When it happens, it isn’t dramatic or profound. Arthur doesn’t have any grand realization or existential epiphany. The light doesn’t even glance off the windows a certain way.

It’s just Eames, sprawled on his lawn chair in a warehouse, talking amiably about something he saw on a job two months ago, and Arthur suddenly being able to put a name to the warmth in his chest.

“What?” Eames asks, when he notices Arthur staring. “Do I have something on my face?”

Arthur hides his smile behind his moleskin. “No, you’re fine.”

**** **ii.**

When the silo explodes, the heat of it hits Arthur like a small quake.

“Fuck,” he grinds out when he realizes what’s happened. He can’t see shit through the smoke, but he guns the pickup truck and drives through it anyway. It wasn’t part of the plan for everyone to get separated from each other, but then again, nothing ever goes according to plan when you mess with the fucking mafia. If Eames isn’t dead already, Arthur is going to kill him.

He spots him stumbling towards the cornfields, shooting wildly into the open door of the barn. Arthur swings by and yells, “Get in!” and Eames doesn’t hesitate to jump into the cargo bed. They peel away from the farm and leave it to burn.

Arthur gives it half an hour before he stops the car.

“Not that I’m complaining, dear,” Eames says, when he gets into the passenger seat, “but what the hell did you come back for?”

Arthur sees a sign leading towards the highway and makes a left. “What do you mean? It’s what we do.”

“It really isn’t.”

Arthur frowns. “Was I supposed to leave you there?”

At that, Eames seems to startle, and when he speaks again, the perplexed, almost snappish tone to his voice is gone. “No, not at all.”

“Okay,” Arthur says and keeps driving. 

*

As a point man, It’s Arthur’s job to pay attention to the finer, smaller details, and he takes it very seriously; it’s one of the reasons why he’s one of the best in the business. This is why he starts noticing little things about Eames that give him pause. 

Little things, like how Arthur’s never had an argument with him. How Mal calls him endearing and shy, but Dom says he’s straightforward and a pain in the ass. How those descriptions are contradictory. Once, in line at a Starbucks, Arthur suddenly and painfully realizes that he doesn’t know how Eames takes his coffee. 

“Let’s eat out,” Dom offers, after a particularly difficult job in Vancouver. “I’ll buy.”

Tate, their chemist, says, “I’m a fan of Korean.” 

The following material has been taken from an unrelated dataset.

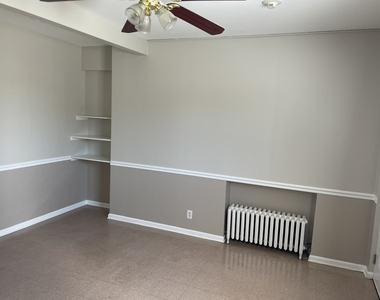 714 Broadway Avenue - Photo Thumbnail 6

Eames makes a face. “Asian food doesn’t agree with me.”

“Your loss then.” Mal flags down a taxi. “There’s a wonderful French place nearby,” she says to Arthur. “You’ll love it.”

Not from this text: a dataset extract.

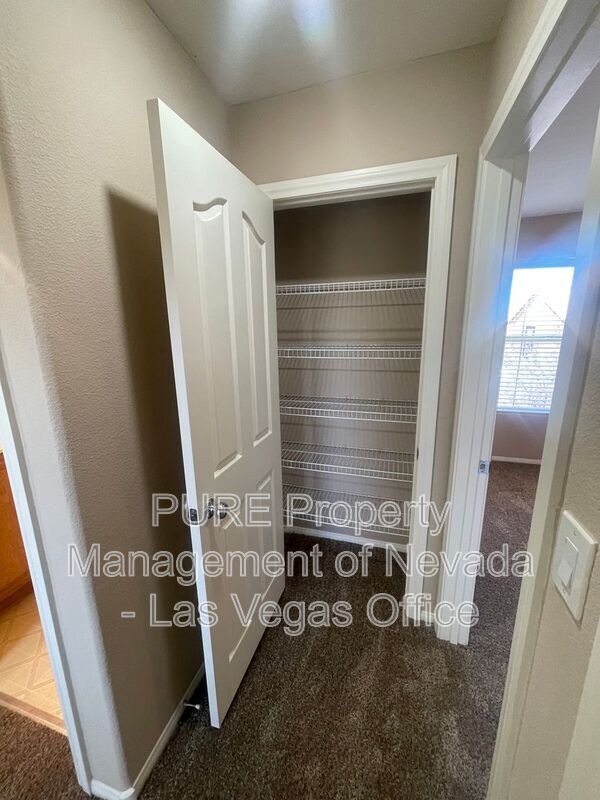Building Photo - 9360 Fort Bayard Ave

But Arthur isn’t listening. He’s looking at Eames uncertainly, wondering, because there was something wrong with that sentence, but he can’t quite put his finger on what.

*

“You’re cheating,” Dom accuses for the third time. “There’s no other explanation.”

“Nobody likes a sore loser,” Eames replies cheerfully, fiddling with his cards. 

Mal is out meeting with their employer, so with nothing else to do, the three of them are playing poker on the floor of the hotel room, using pens and erasers as chips. Unsurprisingly, Eames is a remarkable player, with a poker face most statues would envy. Dom, on the other hand, is wretched. For one thing, he doesn’t know how to hide his cards properly; Arthur can see that he has a jack in his peripherals. 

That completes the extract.